··· RECORDS SUPPLIED

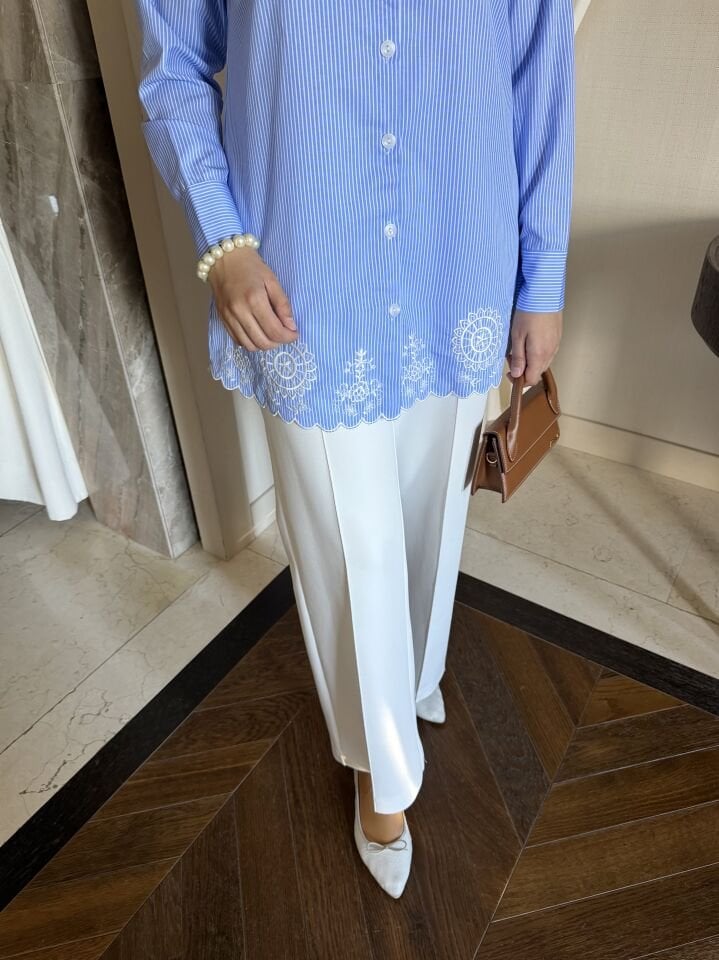 Linen Nakış Detaylı Gömlek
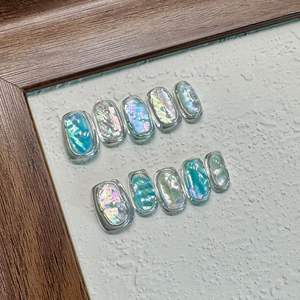 Ámbar Finales de otoño <span class=keywords><strong>Uñas</strong></span> artificiales hechas a mano Conchas iridiscentes de <span class=keywords><strong>color</strong></span> café Nail Art Plata Exquisitas <span class=keywords><strong>uñas</strong></span> postizas <span class=keywords><strong>cortas</strong></span> - Product Image 3
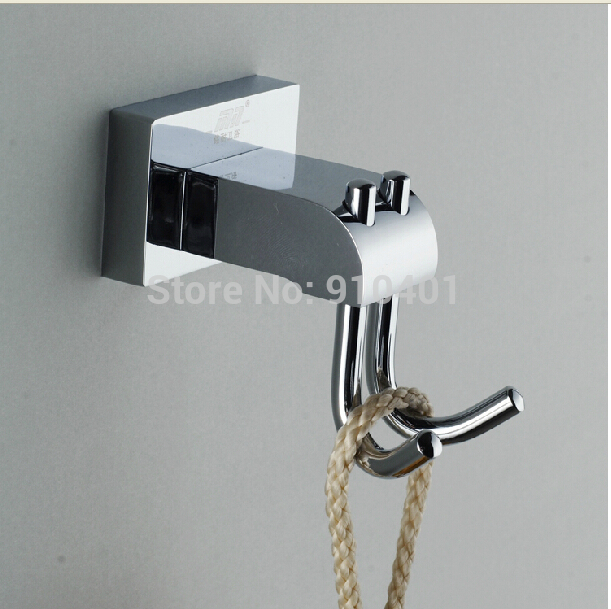 Wholesale And Retail Promotion NEW Chrome Brass Wall Mounted Bathroom Towel Clothes Hat Hooks Dual Robe Hangers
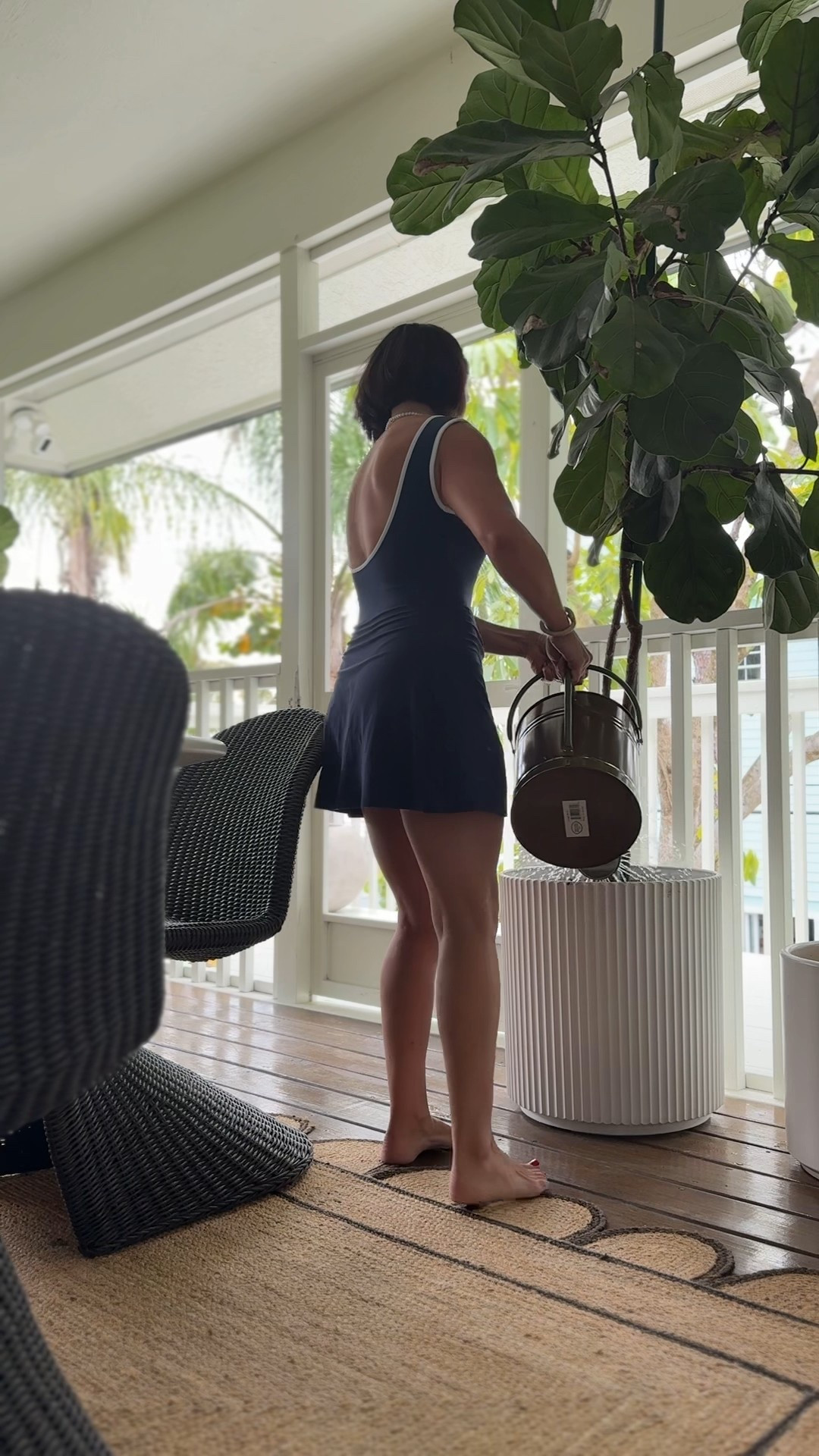 Loving this HUGE watering can! It makes watering these large plants so much easier. The planter is from Amazon and also comes in black. The rug is also an Amazon find. #meandmrjones 

#LTKHome #LTKFindsUnder50 #LTKFindsUnder100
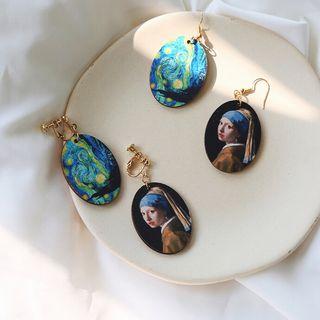 Painting Print Oval Wooden Disc Dangle Earring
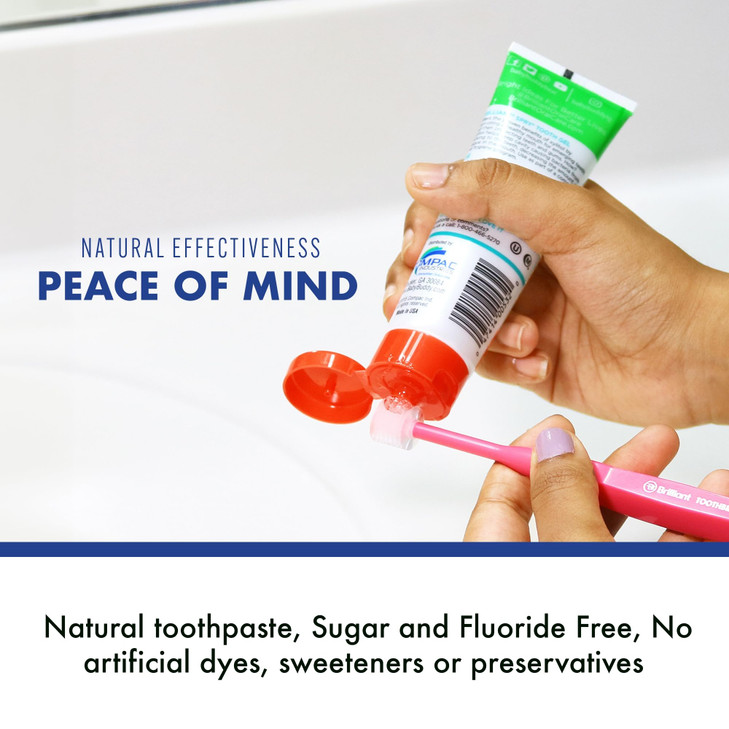 Brilliant Oral Care Kids Fluoride Free Toothpaste Spry Gel with Xylitol Strawberry Banana Flavor for Ages 3 Months 2 fl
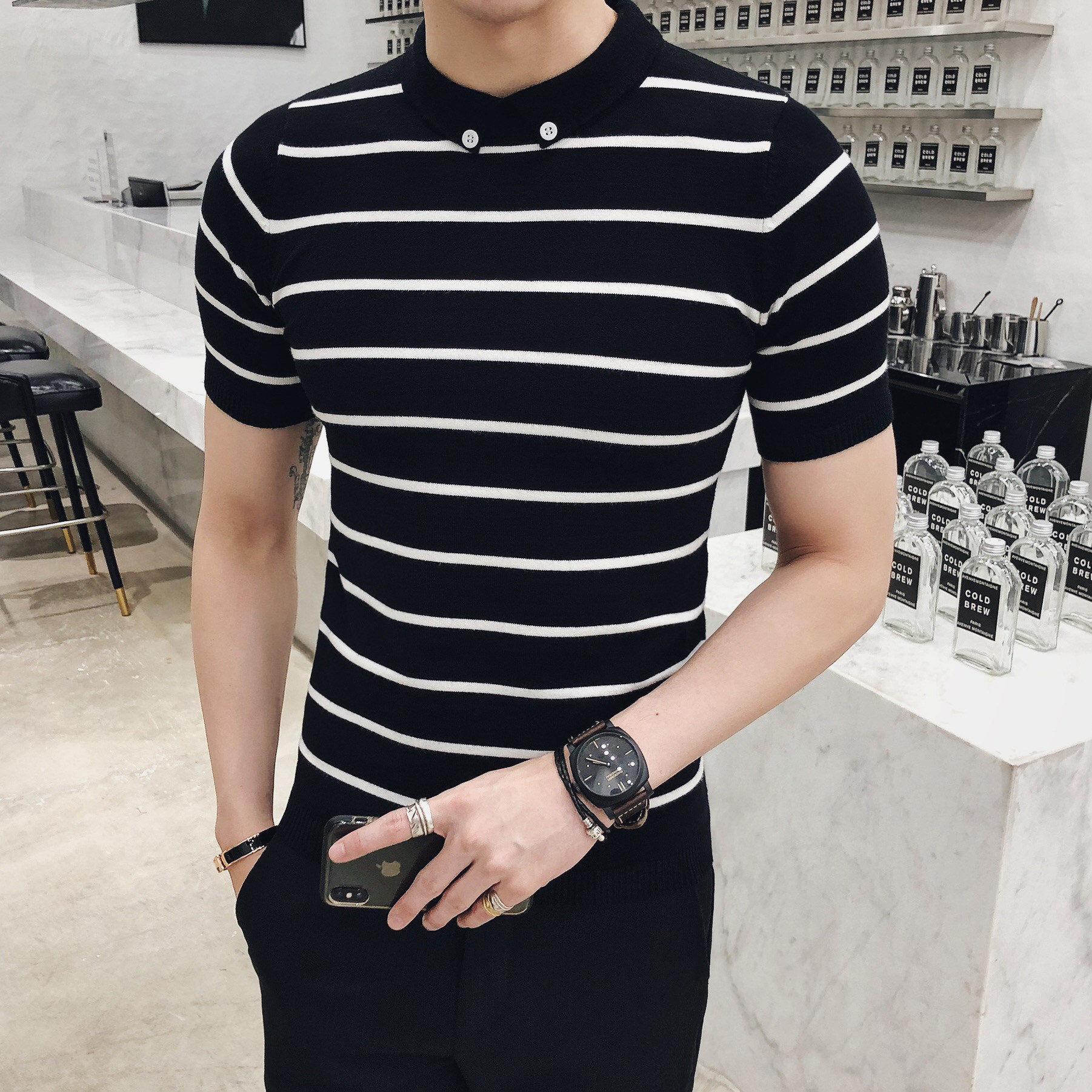 春夏季经典条纹翻领双粒扣男士休闲针织短袖polo衫V20#P55,男装T恤,电商C309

······

DESCRIPTION OF THE TASK
The records above, minus their pictures, are to be returned word for word.

RESPONSE BOX
 Linen Nakış Detaylı Gömlek
 Ámbar Finales de otoño <span class=keywords><strong>Uñas</strong></span> artificiales hechas a mano Conchas iridiscentes de <span class=keywords><strong>color</strong></span> café Nail Art Plata Exquisitas <span class=keywords><strong>uñas</strong></span> postizas <span class=keywords><strong>cortas</strong></span> - Product Image 3
 Wholesale And Retail Promotion NEW Chrome Brass Wall Mounted Bathroom Towel Clothes Hat Hooks Dual Robe Hangers
 Loving this HUGE watering can! It makes watering these large plants so much easier. The planter is from Amazon and also comes in black. The rug is also an Amazon find. #meandmrjones 

#LTKHome #LTKFindsUnder50 #LTKFindsUnder100
 Painting Print Oval Wooden Disc Dangle Earring
 Brilliant Oral Care Kids Fluoride Free Toothpaste Spry Gel with Xylitol Strawberry Banana Flavor for Ages 3 Months 2 fl
 春夏季经典条纹翻领双粒扣男士休闲针织短袖polo衫V20#P55,男装T恤,电商C309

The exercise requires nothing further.